Dans cet âge d'or de ferveur religieuse et de conquête mystique (que le Québec a connu, avec Marie Guyart de l'Incarnation, Jeanne Mance, Marguerite Bourgeoys, Jeanne Le Ber et autres), Madame Guyon, femme, écrivain et mystique, est propulsée au coeur d'une violente querelle religieuse en France. La reine craint de perdre son trône caché, Bossuet et Fénelon s'affrontent et éblouissent l'Europe de leur prose, Rome est alertée, la carrière d'un illustre prélat est brisée, et Madame Guyon, abandonnée, est confinée à la Bastille pendant plus de 7 ans.

Et pourtant, dans toute l'histoire de l'Église, peu de personnes ont atteint comme Madame Guyon un tel sommet de spiritualité et de dévotion. Tout au long de sa carrière, et toujours sans justification, elle sera soupçonnée, calomniée, maltraitée et persécutée, même dans les plus hautes sphères ecclésiastiques, sans pour autant perdre la foi en son Église. Son seul crime est d'aimer Dieu, de clamer innocemment son amour, et d'en faire partager les fruits.

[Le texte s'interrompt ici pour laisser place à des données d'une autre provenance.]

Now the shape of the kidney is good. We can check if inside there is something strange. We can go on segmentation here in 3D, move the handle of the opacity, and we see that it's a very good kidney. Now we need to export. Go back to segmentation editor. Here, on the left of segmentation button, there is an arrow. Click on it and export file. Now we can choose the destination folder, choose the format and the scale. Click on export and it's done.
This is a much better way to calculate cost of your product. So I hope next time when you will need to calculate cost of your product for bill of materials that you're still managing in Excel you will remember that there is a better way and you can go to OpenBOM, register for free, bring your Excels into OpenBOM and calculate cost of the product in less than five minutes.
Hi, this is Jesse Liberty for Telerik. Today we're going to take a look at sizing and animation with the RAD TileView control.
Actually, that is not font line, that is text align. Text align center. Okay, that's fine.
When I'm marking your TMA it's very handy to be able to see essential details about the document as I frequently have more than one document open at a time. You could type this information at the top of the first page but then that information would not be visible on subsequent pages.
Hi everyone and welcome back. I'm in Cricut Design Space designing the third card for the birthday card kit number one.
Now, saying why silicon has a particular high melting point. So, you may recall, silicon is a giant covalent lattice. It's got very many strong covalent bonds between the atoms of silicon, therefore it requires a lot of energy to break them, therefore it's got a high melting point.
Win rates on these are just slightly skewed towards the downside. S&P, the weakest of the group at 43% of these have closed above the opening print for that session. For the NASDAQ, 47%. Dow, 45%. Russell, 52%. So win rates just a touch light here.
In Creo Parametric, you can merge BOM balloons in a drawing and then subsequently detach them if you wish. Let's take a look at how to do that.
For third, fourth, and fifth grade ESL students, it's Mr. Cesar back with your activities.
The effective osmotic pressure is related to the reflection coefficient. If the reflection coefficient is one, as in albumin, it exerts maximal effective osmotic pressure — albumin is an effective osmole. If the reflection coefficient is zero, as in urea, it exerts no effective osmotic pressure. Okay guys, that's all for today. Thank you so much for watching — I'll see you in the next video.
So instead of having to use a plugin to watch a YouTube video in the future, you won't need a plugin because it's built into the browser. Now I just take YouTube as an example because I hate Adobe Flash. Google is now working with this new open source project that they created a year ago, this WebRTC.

Jeanne-Marie Bouvier de la Motte naît à Montargis, le 13 avril 1648, de parents «qui faisaient profession d'une fort grande piété» et qui la trimbalent, de 2 à 11 ans, d'un couvent à l'autre, chez les Ursulines, les Dominicaines et les Bénédictines, avec des alternances à la maison. Très douée, la petite aime lire, rêver et prier.

Adolescente, elle se délecte de romans et de lectures spirituelles. Une vie de Jeanne de Chantal la marque profondément, de même que les oeuvres de François de Sales. Elle a des élans mystiques, ce qui ne l'empêche pas d'éprouver très tôt un émoi amoureux pour un cousin. C'est qu'elle est belle, et elle s'en réjouit, mais elle est aussi douce, ardente et énergique.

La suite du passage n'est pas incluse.